Your objective: Only the number should be given: how many lines below contain "Dubai".

==== Extracted information ====

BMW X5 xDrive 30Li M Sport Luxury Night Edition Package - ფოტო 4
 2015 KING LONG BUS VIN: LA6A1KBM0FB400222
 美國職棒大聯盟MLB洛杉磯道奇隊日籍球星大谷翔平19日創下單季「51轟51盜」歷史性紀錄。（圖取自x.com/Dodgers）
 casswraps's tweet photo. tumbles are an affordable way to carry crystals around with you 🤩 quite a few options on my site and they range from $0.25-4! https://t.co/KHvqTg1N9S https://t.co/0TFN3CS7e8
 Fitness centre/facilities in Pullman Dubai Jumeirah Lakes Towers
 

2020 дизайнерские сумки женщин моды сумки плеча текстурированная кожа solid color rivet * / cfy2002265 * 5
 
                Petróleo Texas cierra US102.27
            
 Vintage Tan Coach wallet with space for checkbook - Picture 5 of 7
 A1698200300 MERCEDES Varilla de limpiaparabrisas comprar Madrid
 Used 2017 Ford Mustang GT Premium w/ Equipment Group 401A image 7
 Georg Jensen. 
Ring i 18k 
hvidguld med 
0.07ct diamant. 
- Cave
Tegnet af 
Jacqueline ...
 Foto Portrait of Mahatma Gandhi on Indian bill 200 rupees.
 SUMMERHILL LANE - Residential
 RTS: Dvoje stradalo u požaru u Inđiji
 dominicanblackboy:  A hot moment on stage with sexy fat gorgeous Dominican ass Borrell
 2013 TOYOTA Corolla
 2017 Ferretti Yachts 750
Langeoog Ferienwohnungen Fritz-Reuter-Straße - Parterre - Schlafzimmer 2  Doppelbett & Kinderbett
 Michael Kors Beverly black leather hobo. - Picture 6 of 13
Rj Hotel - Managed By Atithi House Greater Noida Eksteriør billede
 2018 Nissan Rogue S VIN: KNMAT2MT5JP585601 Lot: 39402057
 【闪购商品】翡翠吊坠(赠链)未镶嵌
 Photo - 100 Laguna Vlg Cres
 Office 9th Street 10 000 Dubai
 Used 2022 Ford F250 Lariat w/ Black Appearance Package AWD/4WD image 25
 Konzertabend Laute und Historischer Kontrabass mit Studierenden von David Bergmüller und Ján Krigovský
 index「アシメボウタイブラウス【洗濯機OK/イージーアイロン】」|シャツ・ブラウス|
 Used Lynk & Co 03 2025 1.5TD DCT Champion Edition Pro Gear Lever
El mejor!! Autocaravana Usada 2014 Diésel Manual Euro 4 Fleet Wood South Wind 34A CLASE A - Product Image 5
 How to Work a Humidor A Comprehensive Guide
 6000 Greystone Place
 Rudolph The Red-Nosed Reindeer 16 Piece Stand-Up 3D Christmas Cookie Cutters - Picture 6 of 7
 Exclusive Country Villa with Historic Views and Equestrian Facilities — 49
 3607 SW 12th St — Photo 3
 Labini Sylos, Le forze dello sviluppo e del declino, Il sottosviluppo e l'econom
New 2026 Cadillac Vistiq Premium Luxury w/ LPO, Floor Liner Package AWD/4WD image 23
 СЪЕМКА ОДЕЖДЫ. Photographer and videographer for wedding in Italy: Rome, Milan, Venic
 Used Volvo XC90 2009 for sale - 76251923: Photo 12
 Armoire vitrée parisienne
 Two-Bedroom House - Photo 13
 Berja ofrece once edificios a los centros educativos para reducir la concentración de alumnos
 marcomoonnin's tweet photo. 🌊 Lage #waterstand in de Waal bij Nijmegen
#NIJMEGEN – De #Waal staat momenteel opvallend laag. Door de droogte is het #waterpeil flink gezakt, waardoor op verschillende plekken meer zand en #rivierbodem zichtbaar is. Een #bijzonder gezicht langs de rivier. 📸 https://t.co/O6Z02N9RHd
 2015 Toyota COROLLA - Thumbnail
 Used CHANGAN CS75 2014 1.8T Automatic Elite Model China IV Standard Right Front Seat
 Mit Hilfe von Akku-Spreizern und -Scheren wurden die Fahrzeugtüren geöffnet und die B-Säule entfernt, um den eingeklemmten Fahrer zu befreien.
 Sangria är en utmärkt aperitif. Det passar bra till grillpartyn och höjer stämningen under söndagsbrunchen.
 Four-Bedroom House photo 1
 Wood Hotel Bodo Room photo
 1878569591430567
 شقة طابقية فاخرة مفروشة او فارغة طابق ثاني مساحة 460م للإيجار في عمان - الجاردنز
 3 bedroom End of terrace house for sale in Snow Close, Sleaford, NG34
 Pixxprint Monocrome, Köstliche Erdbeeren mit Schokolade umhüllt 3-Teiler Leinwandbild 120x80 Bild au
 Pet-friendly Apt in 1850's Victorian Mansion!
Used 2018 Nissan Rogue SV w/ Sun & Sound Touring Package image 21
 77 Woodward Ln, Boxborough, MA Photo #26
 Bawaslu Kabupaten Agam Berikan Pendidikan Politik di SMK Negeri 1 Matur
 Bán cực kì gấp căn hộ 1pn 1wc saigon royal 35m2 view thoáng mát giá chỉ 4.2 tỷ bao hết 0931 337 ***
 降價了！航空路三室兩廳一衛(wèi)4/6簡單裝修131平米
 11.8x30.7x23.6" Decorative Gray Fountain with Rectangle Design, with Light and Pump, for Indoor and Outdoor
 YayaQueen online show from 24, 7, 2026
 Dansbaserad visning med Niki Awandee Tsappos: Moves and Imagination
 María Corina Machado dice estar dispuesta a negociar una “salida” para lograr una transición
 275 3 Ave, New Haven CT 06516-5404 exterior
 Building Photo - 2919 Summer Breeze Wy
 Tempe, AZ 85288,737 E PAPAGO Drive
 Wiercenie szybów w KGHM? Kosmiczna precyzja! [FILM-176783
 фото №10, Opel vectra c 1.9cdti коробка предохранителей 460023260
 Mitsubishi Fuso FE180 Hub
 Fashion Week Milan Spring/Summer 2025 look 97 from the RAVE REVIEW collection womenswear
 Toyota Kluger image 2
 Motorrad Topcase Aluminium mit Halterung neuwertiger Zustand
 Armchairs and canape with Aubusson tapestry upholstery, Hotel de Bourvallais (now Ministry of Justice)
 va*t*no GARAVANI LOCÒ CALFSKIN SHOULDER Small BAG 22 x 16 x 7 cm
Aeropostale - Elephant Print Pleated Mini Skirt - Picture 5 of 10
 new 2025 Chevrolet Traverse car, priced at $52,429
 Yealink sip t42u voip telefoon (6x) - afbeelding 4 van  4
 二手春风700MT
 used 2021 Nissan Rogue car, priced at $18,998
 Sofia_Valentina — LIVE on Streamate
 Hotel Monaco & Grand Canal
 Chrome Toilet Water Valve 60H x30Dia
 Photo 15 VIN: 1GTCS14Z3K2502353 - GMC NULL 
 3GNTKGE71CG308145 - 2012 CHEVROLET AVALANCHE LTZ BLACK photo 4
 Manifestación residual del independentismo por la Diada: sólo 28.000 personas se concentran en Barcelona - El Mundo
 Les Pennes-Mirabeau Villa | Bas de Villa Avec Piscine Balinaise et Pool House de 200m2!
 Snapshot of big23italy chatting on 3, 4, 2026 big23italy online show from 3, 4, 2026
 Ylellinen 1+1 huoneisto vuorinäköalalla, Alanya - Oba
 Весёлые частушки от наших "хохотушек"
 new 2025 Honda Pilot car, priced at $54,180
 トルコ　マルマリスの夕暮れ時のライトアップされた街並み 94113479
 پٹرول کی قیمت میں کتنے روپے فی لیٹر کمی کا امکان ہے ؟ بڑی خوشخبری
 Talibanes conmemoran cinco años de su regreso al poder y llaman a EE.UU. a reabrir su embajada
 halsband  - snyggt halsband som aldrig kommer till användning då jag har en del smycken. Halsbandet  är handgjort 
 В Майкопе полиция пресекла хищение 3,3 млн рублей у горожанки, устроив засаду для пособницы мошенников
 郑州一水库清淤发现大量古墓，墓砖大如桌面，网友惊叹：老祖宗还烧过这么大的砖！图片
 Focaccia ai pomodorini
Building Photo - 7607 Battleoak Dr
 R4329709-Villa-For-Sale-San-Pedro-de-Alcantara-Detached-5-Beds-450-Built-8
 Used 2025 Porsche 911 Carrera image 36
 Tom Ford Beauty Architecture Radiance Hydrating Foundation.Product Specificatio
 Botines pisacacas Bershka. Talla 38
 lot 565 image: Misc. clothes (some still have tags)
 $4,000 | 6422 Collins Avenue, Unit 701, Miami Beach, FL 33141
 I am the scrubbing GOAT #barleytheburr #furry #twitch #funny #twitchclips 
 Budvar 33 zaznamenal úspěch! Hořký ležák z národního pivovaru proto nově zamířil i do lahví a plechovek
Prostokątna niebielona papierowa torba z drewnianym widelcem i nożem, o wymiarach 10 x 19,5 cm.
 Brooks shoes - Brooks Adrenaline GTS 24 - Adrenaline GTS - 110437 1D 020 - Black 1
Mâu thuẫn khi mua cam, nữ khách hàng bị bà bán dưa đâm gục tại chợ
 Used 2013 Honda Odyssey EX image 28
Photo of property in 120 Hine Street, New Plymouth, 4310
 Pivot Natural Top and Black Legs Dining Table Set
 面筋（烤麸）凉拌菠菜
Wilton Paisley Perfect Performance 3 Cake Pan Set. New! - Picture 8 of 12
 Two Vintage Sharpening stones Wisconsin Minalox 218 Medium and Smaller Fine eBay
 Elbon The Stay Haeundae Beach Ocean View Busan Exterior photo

====

Written response: 2